## EXERCISE REQUIREMENTS
I need the records below restated word for word, without their pictures.

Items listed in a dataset
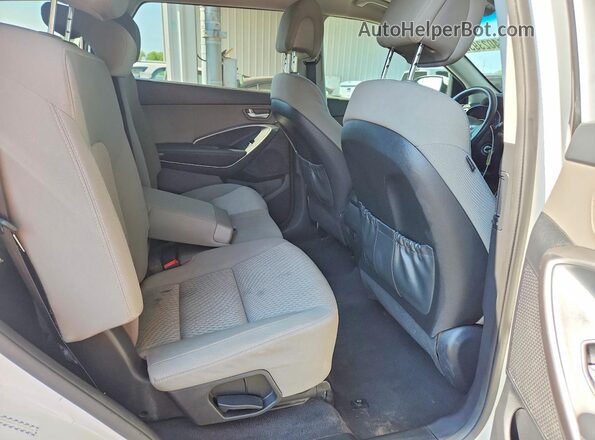 KM8SM4HF9GU154394 2016 HYUNDAI SANTA White Vista interior trasera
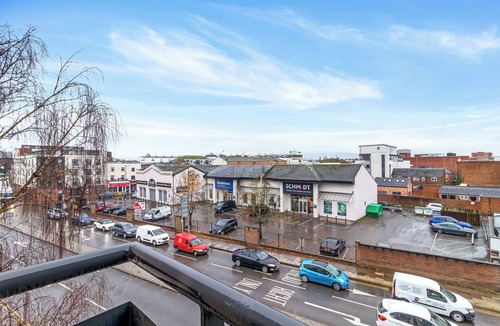 Cheltenham Apartment | Central 1BD Free Underground Parking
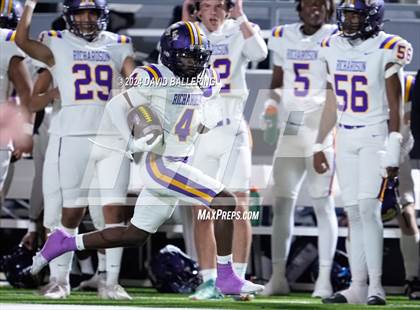 Thumbnail 2 in Richardson vs Haltom (UIL Football 6A D1 Bi-District) photogallery.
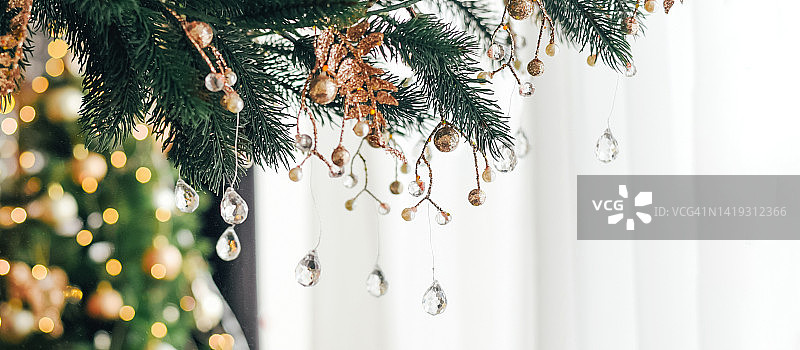 装饰过的圣诞树一角：新年圣诞装饰图片素材
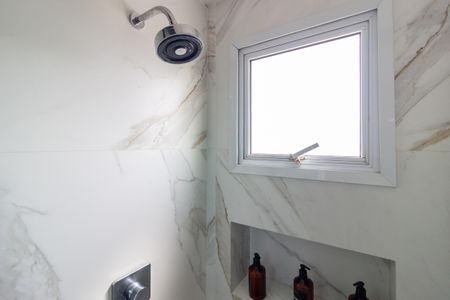 Apartamento à venda com 84m², 2 quartos e 2 vagasBanheiro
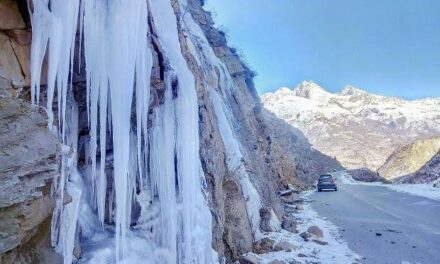 Mercury drops after snowfall in Kashmir, Pahalgam records season’s coldest night at minus 11.0°C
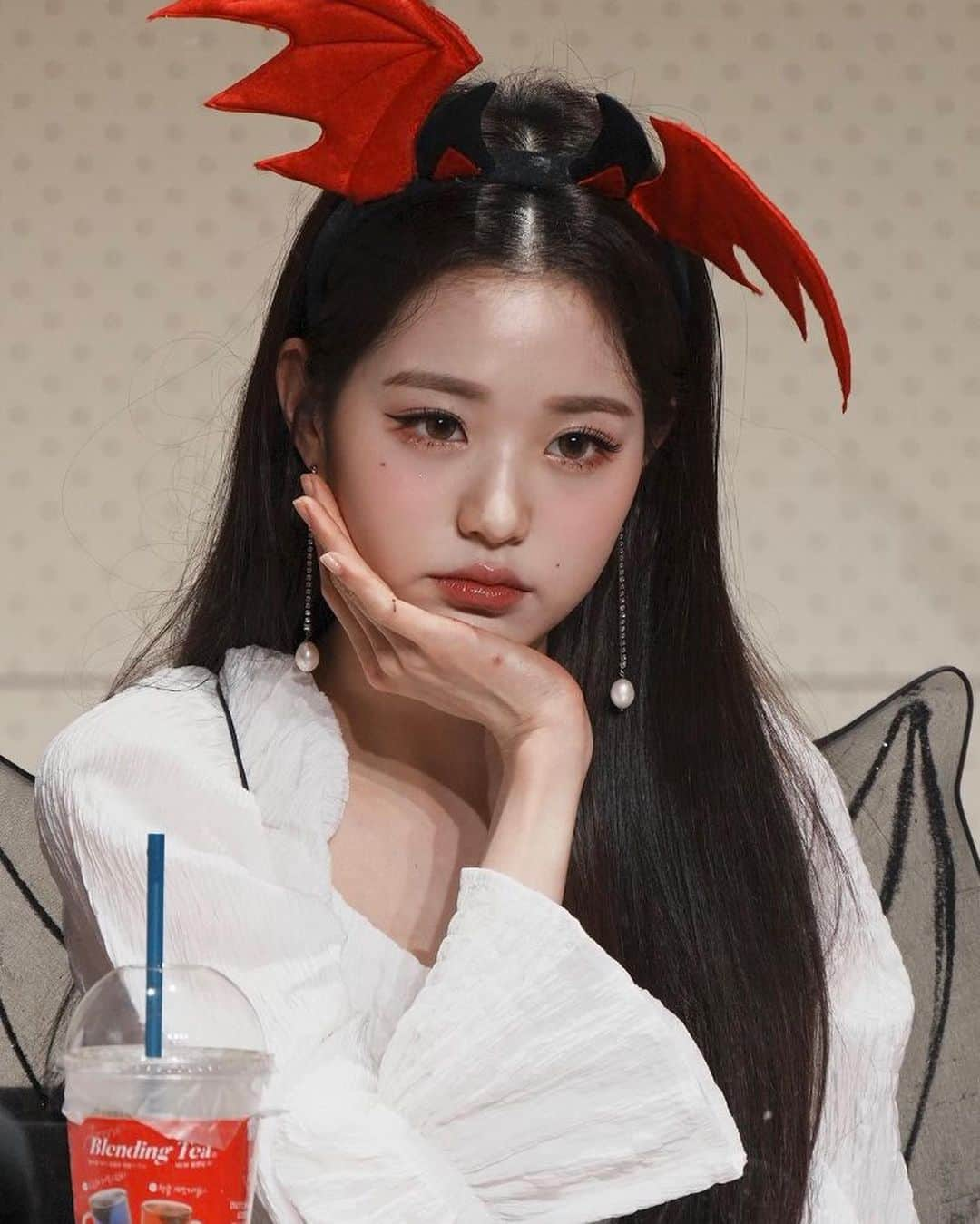 チャン・ウォニョンさんのインスタグラム写真 - (チャン・ウォニョンInstagram)「the prettiest devil 😈  #IVE #JANGWONYOUNG #WONYOUNG #ELEVEN #아이브 #장원영 #원영」1月16日 21時11分 - wonyoung__ive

## OUTPUT BELOW
 KM8SM4HF9GU154394 2016 HYUNDAI SANTA White Vista interior trasera
 Cheltenham Apartment | Central 1BD Free Underground Parking
 Thumbnail 2 in Richardson vs Haltom (UIL Football 6A D1 Bi-District) photogallery.
 装饰过的圣诞树一角：新年圣诞装饰图片素材
 Apartamento à venda com 84m², 2 quartos e 2 vagasBanheiro
 Mercury drops after snowfall in Kashmir, Pahalgam records season’s coldest night at minus 11.0°C
 チャン・ウォニョンさんのインスタグラム写真 - (チャン・ウォニョンInstagram)「the prettiest devil 😈  #IVE #JANGWONYOUNG #WONYOUNG #ELEVEN #아이브 #장원영 #원영」1月16日 21時11分 - wonyoung__ive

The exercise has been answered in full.